旅館:華もみじ@熊本県南阿蘇
旅館を特徴づけるものとして、部屋・料理・サービス・風呂・庭・眺望…等々があるわけであり、その全てが素晴らしい旅館が「理想の旅館」となるのだろうが、たぶんそんなものは存在しない。
個人的には俵屋がその理想の旅館に最も近いものに思えるが、ただし俵屋は眺望はまったくの凡庸である。俵屋が風光明媚なところにあれば、すごい旅館だろうなあとか思わぬこともないが、しかし俵屋は京都のまんなかのあのごちゃごちゃしたところにあって初めて俵屋だという気もする。
それはさておき、南阿蘇の旅館「華もみじ」の眺望は素晴らしい。
山の中腹の高台にあり、阿蘇内輪山と南郷谷を、部屋から一望のもとにのぞめ、九州屈指の観光名勝地阿蘇の魅力を十二分に教えてくれる。
華もみじは離れ形式の部屋を一列にして、この眺望をどの部屋からでも見られるように建てられている。
この形態、これも長崎の絶景を楽しめる旅館「紅葉亭」とよく似ており、名前も似ていることから、同じ系列の旅館かと思い聞いたけど、まったく関係ないとのこと。
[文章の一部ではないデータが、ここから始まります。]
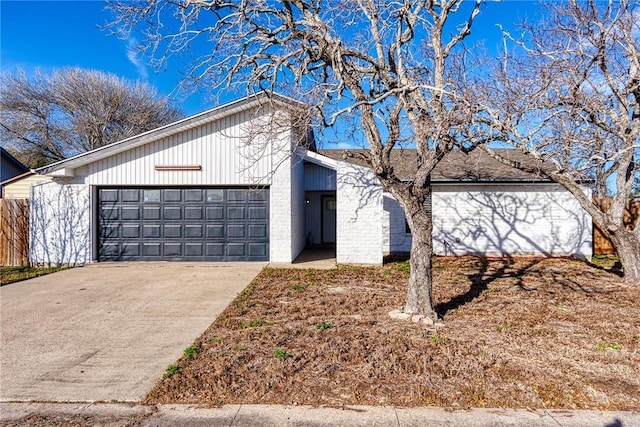 mid-century inspired home with driveway and an attached garage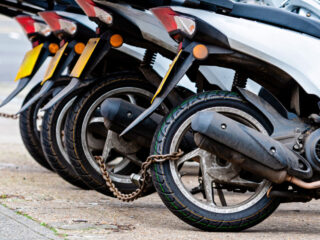 Close Up Of Mopeds Chained Together.jpg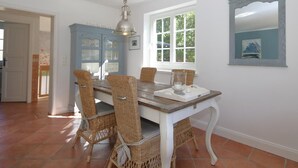 A dining area with a white table, wicker chairs, and a blue cabinet. - Sylt at home, Germany (Sylt-Ost)
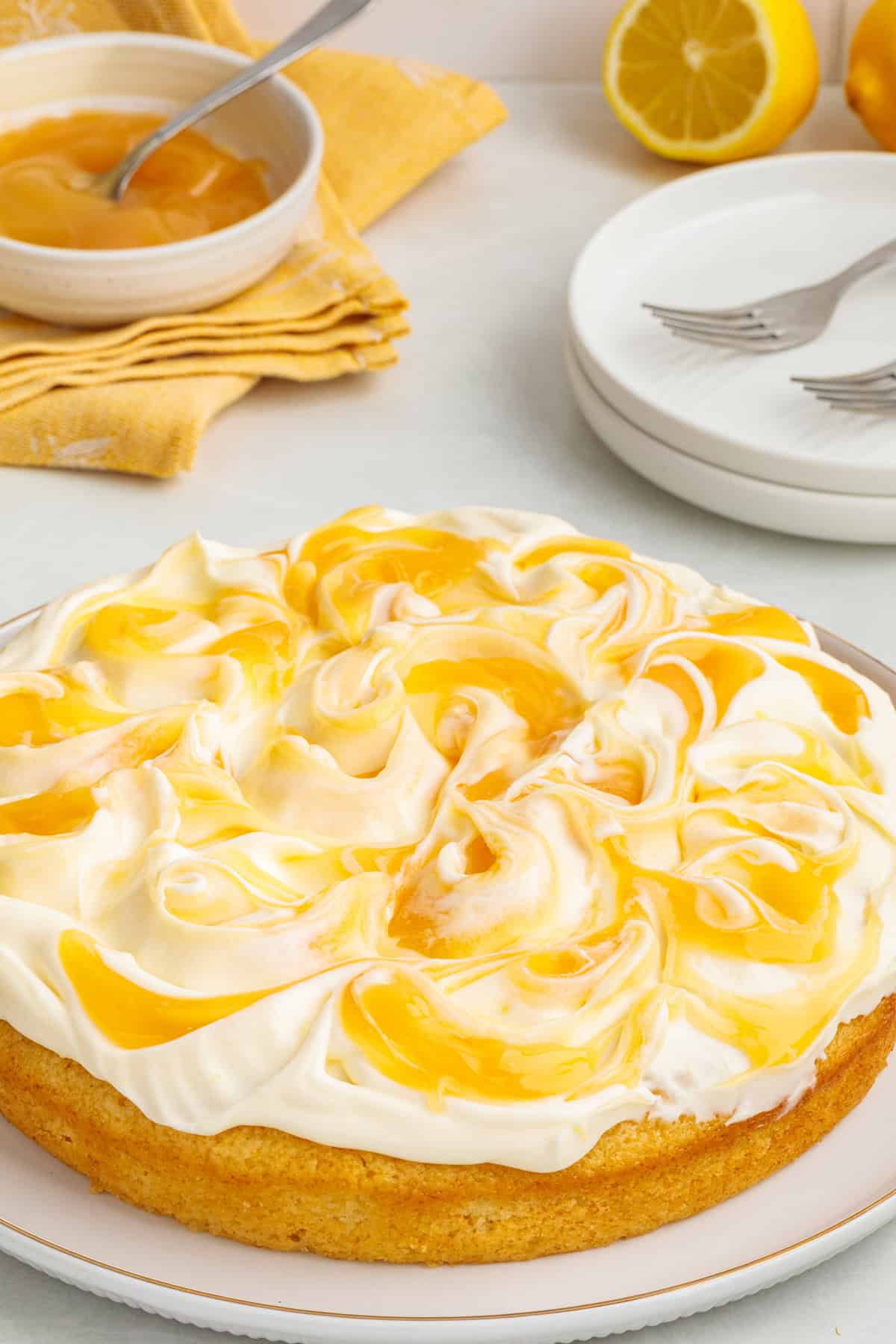This Limoncello Mascarpone Cake begins with a moist lemon cake topped with limoncello syrup, mascarpone cream, and lemon curd. Overhead view of Limoncello Mascarpone Cake on a plate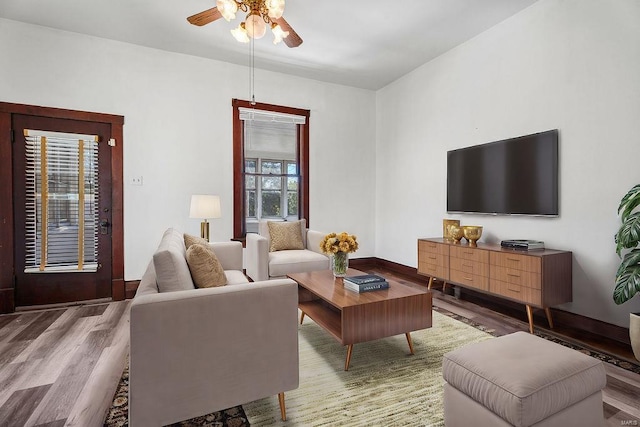 living room with ceiling fan and hardwood / wood-style floors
ただし同様のことを思う人がやはりいるらしく、以前にもそう聞かれたと答えていた。
大露天風呂は旅館から少し離れたところにあり、そこから見た旅館の姿。
華もみじは10年ほど前に建てられており、あの頃に流行った「部屋付き露天風呂のある高級系旅館」という位置づけにある旅館である。
こういう旅館が熊本、しかも阿蘇という地で成り立つのであろうかと、建てられた当時そこそこ話題になったのだが、10年たっても華もみじは健在であり、需要はきちんとあったようだ。
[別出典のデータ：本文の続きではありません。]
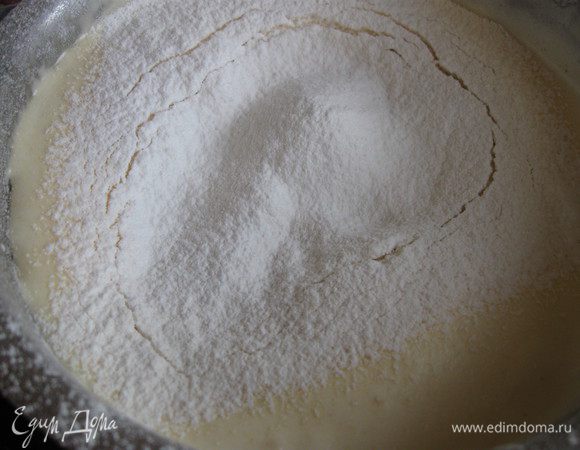 Муку смешать с кукурузным крахмалом, просеять на взбитые яйца, аккуратно перемешать и добавить растопленное сливочное масло.
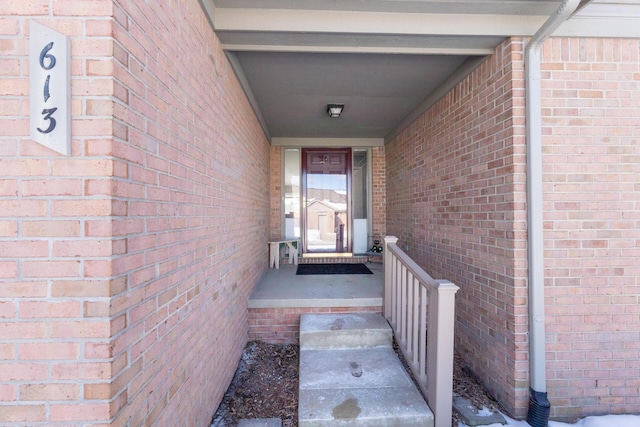 view of exterior entry with brick siding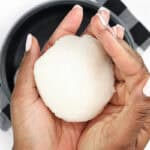 Hand holding Ghanaian Omo Tuo (Rice Balls)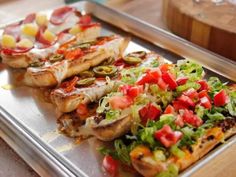 several different types of food on a metal tray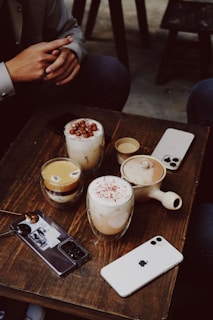 a couple of drinks sitting on top of a wooden table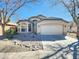 Charming single-story home with a well-maintained front yard and attached two-car garage at 1771 E Erie St, Gilbert, AZ 85295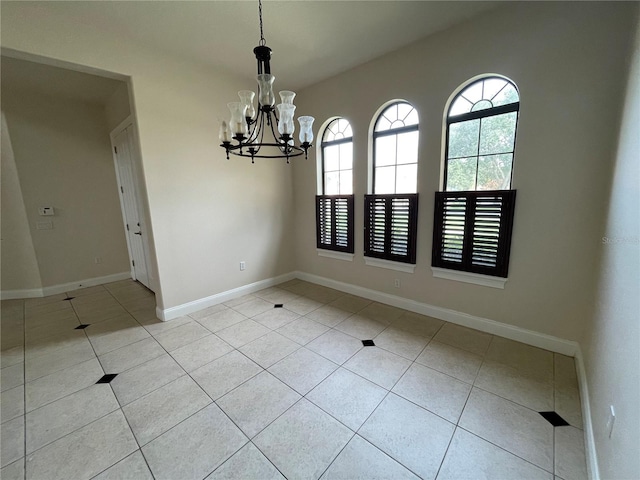 empty room featuring an inviting chandelier and light tile floors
「部屋付き露天風呂」というものは、単に「部屋の外にある風呂」ということが多いのだけど、ここの露天風呂は、露天風呂に最も望まれるもの-眺望もばっちりである。
料理はどのようなものかといえば、
おもに天草産の魚を用いて。平目、イワシ、車海老、サザエ。
この旅館では、このブリの兜煮が名物のようである。半日かけてコトコトと煮たブリの頭は、骨まで軟らかくなっており、すべて食べられる。
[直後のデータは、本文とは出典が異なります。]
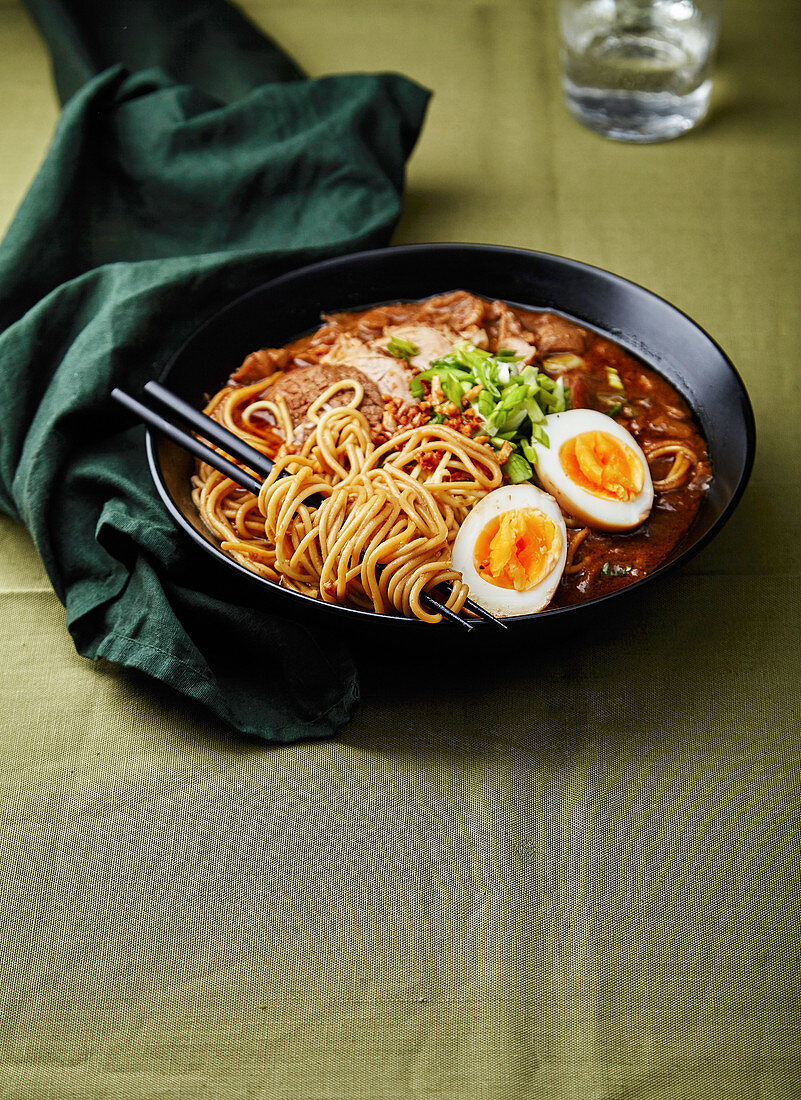 Japanese ramen with pork belly, mushrooms and marinated eggs on green linen tablecloth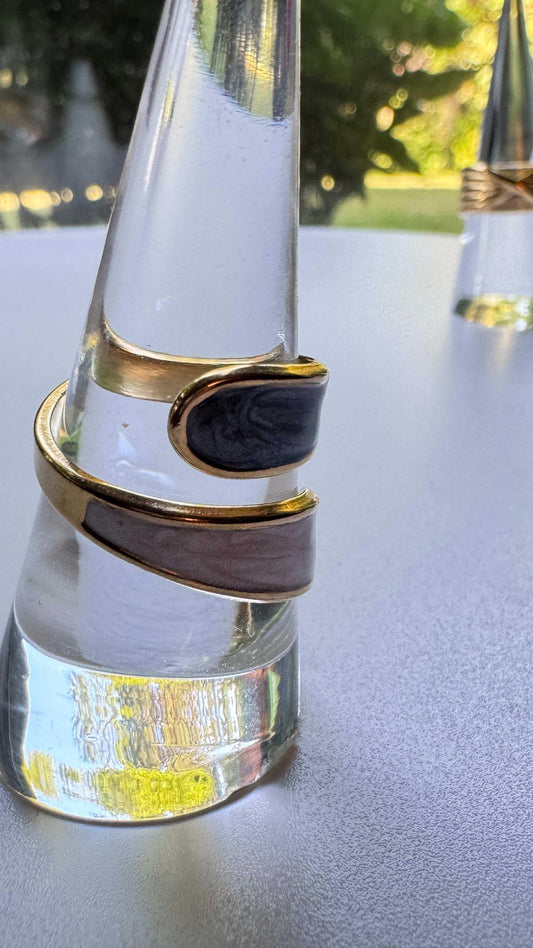 Gold adjustable ring with black and gray enamel on a clear display stand outdoors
ブリという魚は、よく言えば個性的、悪くいえばクセのある魚であり、人によって好みは分かれるのだろうけど、ここまで煮詰めてしまえば、ブリの特徴ある成分はすっかり流れ、出汁の味がかわりに身にしみて、独特の料理となっている。おもしろい料理である。
熊本名物、馬刺しは当然でてくる。
宮崎牛は薄切りを、かるく炙って食べる。
黒豚は角煮ではなく、あっさり目に塩で煮て。
その他、鱧椀、海老餃子、などが出てきて、〆はトウモロコシご飯にて。
全体的に南九州の素材を使って、郷土色を出した料理。
熊本阿蘇を訪れた県外の人には喜ばれるものだと思う。
部屋はまあ普通。広くて、清潔であり、リビングのある部屋もある。
この旅館は、どの部屋からも、阿蘇を眺めることができるのがウリである。
そういえば、泊まった日の夜は食事時にちょうど月が出ており、阿蘇の侘しい夜景のうえに澄んだ光を放つ月を楽しめた。
華もみじは、5年前に訪れたことがある。
そのときは阿蘇花火大会の日であったのだが、3月にしては、季節外れの大雪が降り、たぶん花火大会は中止となったのだろうけど、かわりに雪の阿蘇を楽しめた。そのときの写真を紹介してみる。
雪の降り積もった静かな阿蘇。そこより望む、ほっかほっかと湯気を立てている活火山中岳。
雪はしんしんと降り積もり、雪見風呂を楽しめた。
雪がやんでのちの露天風呂からの眺め。
南郷谷は雪が一面に積もっていた。
九州を代表する名勝地、阿蘇の眺めを楽みたい人には、是非お勧めの旅館である。